If you think the coded jumble on your airline ticket — ITLON KL X/AMS KL SZG M/IT — looks complex, it’s nothing compared to the difficulty in parsing how that bottom figure charged to your credit card is spent. Part 2 of a series. By Jon Bonne.
/ Source: msnbc.com

If you think the coded jumble on your airline ticket — ITLON KL X/AMS KL SZG M/IT — looks complex, it’s nothing compared to the difficulty in parsing how that bottom figure charged to your credit card is spent. For all the public disclosure required of airlines, their costs remain strikingly opaque.

The current industry blues are largely just the latest refrain of a tune begun after deregulation in 1978, one that’s been sung in some fashion for over two decades. The shift to a minor key is familiar in part because the story is familiar: carriers big and small go head-to-head on major routes, often at a significant cost. Most give up before long, or end up with a money-sucking hole in the sky. Losses are counted. The battle is fought again in a different location.

The first bloodletting actually came in the mid-1980s. Carriers that rushed in after the industry opened — remember People Express or Air Cal? — were bled out by economic realities and relentless pressure from the majors. Even a handful of big carriers, such as Eastern and Piedmont, were eaten up by bigger fish or dissolved in bankruptcy court.

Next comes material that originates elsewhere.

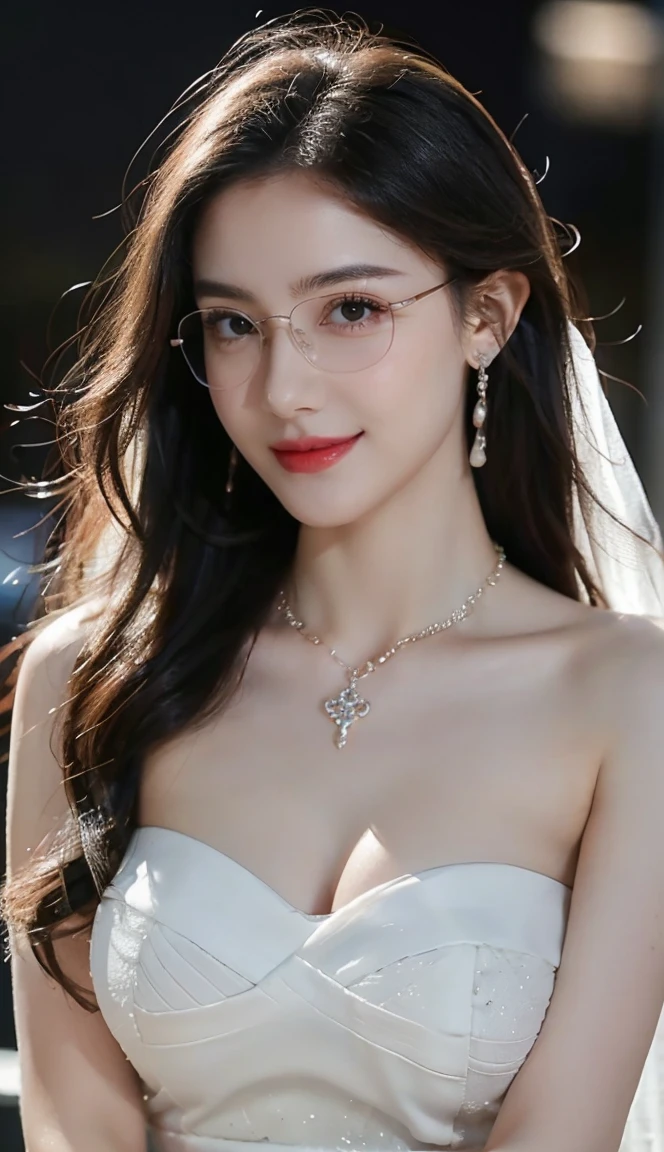 (Canon RF85mm f/1.2), (8K, RAW photos, best quality), (masterpiece), (actual, photograph actual), (Very detailed, High Detail, Best image quality, Super detailed, high resolution, Very detailed, Very detailed的描述, Ultra-fine, Extremely exquisite and beautiful work), Beautiful and delicate girl, Solo Girl, ((Perfect body)), Very detailed eyes and face, White skin, Noble beauty, ((The skin texture is delicate, Pores)), Perfect anatomical structure, Beautiful body, Delicate face, Slim abs, Slim waist), Big Ass, (Large Breasts, Breast enlargement), (Cleavage), (affectionate gaze, soulful eyes, Glowing eyes), (beautiful and clear eyes), (Bounce Curly Messy Long Hair), (Smile:1.2), (fascinated expression), (Attractive appearance), ((Cardigan,Strapless wedding dress)), ((Tight)), ((bud)), ((wear glasses)), earrings, necklace, ((night)), ((Street View, moonlight)), Physically Based Rendering, Realistic lighting, (((Upper Body))), ((looking at the audience)), ((Everlasting)), ((Happy and shy))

After a quarter-century, an obsession with growth has left airlines with stretch marks, trying to learn a lesson that has plagued the industry since its inception. As one industry textbook warned on the topic of route wars: “In the end, the airlines are simply cutting each other’s throats by duplicating schedules.”

That was written in 1942.

So what's different this time?
The airlines now face a true challenge from lower-cost entrants who have molded a completely different, and profitable, way of doing business — not upstarts, but well established and successful companies.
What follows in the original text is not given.